What I have found, in practice, is that the more honestly I acknowledge the complicated feeling to myself — not to perform it publicly, not to burden the other person with it, but just to name it internally — the less power it has over my behaviour. The jealousy I tried to suppress used to leak out in small ways: a slightly too-long pause before I congratulated someone, a slightly too-careful way of phrasing my admiration, a subtle withdrawal from the friendship when things were going well for them. Once I started naming it, it stopped leaking. I could feel it and still choose.

You can feel envious and still be a good friend. You can want what someone else has and still genuinely want it for them too. These things are not contradictions.

What Rooting for Other Women Actually Looks Like

It does not look like erasing your own ambition. It does not look like suppressing your competitive instincts until they have nowhere to go but inward. It does not look like a performance of enthusiasm you don’t quite feel.

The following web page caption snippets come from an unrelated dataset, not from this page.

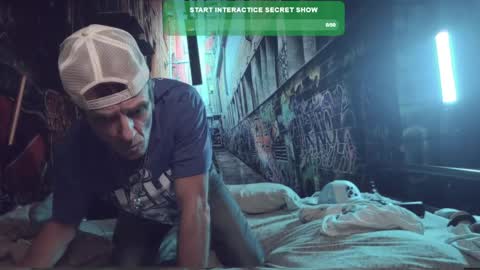 Snapshot of trailer_made chatting on December 2024 01:50:01 AM Ethan Nash online show from December 2024 01:50:01 AM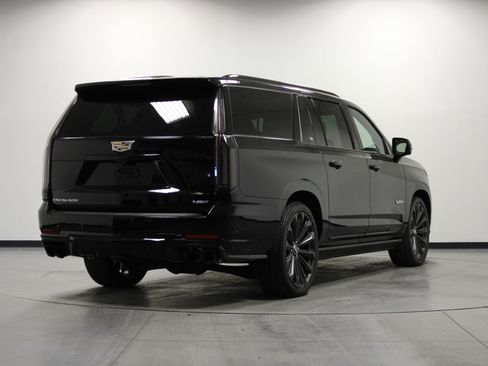 Used 2025 Cadillac Escalade ESV V image 4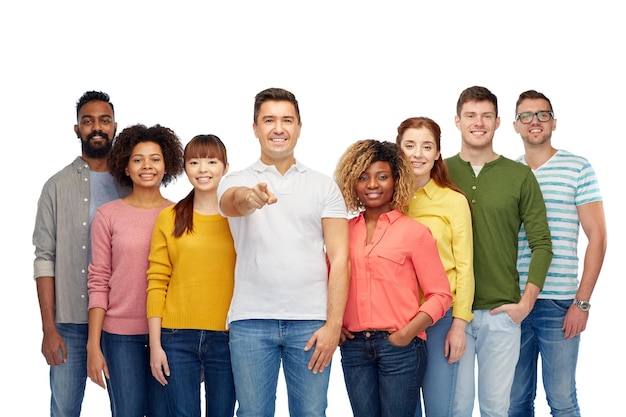 diversité, choix, ethnie et concept de peuple - groupe international d'hommes et de femmes heureux et souriants pointant du doigt sur vous sur le blanc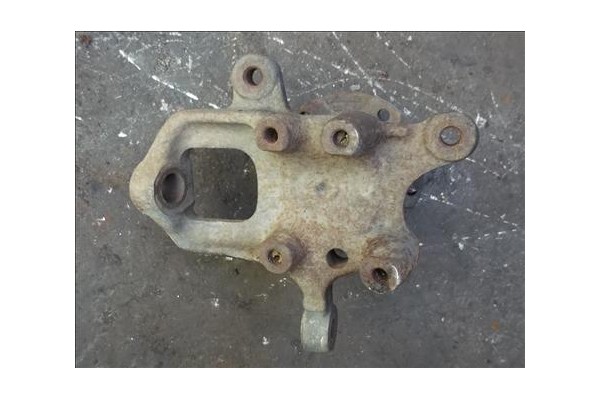 Recambio de mangueta delantero derecha para mercedes-benz sprinter 2-t furgón (901, 902) 208 d referencia OEM IAM   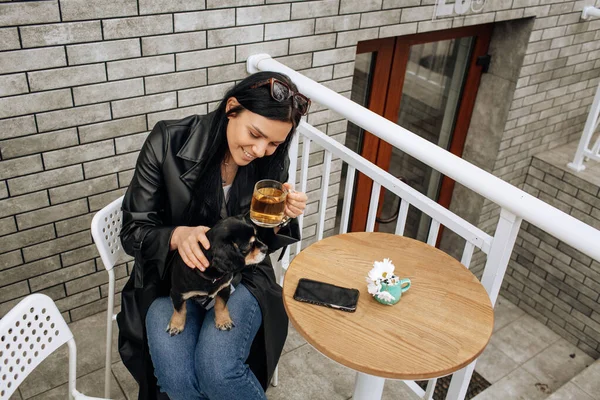 Vacker Flicka Modell Äter Ett Café Gatan Med Svart Hund Stockbild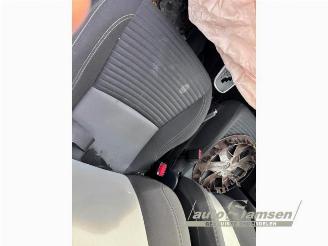 Toyota Yaris Yaris III (P13), Hatchback, 2010 / 2020 1.5 16V Hybrid picture 13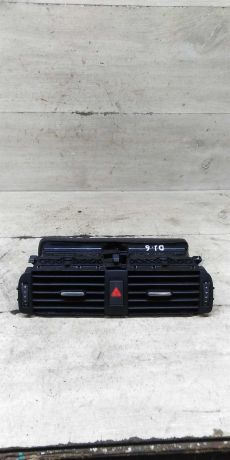 deflektor-obduva-salona-centralnyi-volkswagen-jetta-vi-art-100984-big-0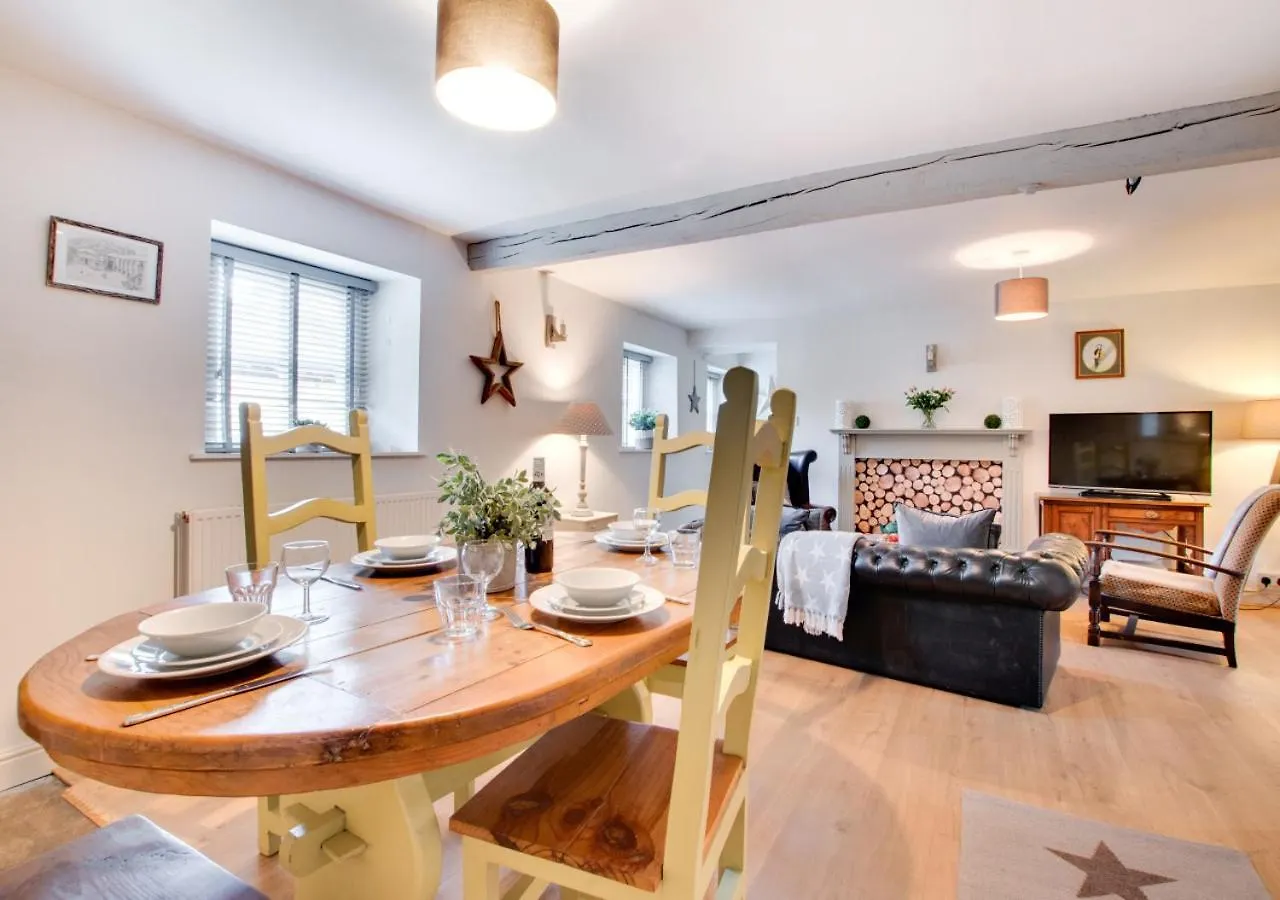 בית נופש פאטלי ברידג' Woodpecker Cottage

In the three years since Dina and I had that conversation in Brockwell Park, I have watched her become someone I am straightforwardly, uncomplicatedly proud of — not because I stopped having needs of my own, but because I stopped treating her success as evidence about mine. We talk about the work honestly now. We tell each other when we’re struggling. We have stopped using each other as benchmarks and started using each other as mirrors — which is a different thing entirely.

Last year, she recommended me for a column that changed the shape of my career. She didn’t do it because she’d resolved all her complicated feelings about competition — she did it because she’d decided, as I had, that what she built was worth more if she built it alongside people she cared about. That is what actual sisterhood looks like: not the absence of ambition, but the decision to direct it outward rather than inward. Not the erasure of complicated feelings, but the refusal to let them govern your actions.

I still feel jealous sometimes. I feel it quickly and specifically and I’ve learned to treat it the way a good navigator treats a warning light — as information, not condemnation. Then I like the post, send the message, and mean it. The envy was never about her. It was always about me. And me, it turns out, I can actually do something about.

“The table is not fixed in size. You can build it larger. But first you have to stop treating every seat someone else takes as a seat you’ve lost.”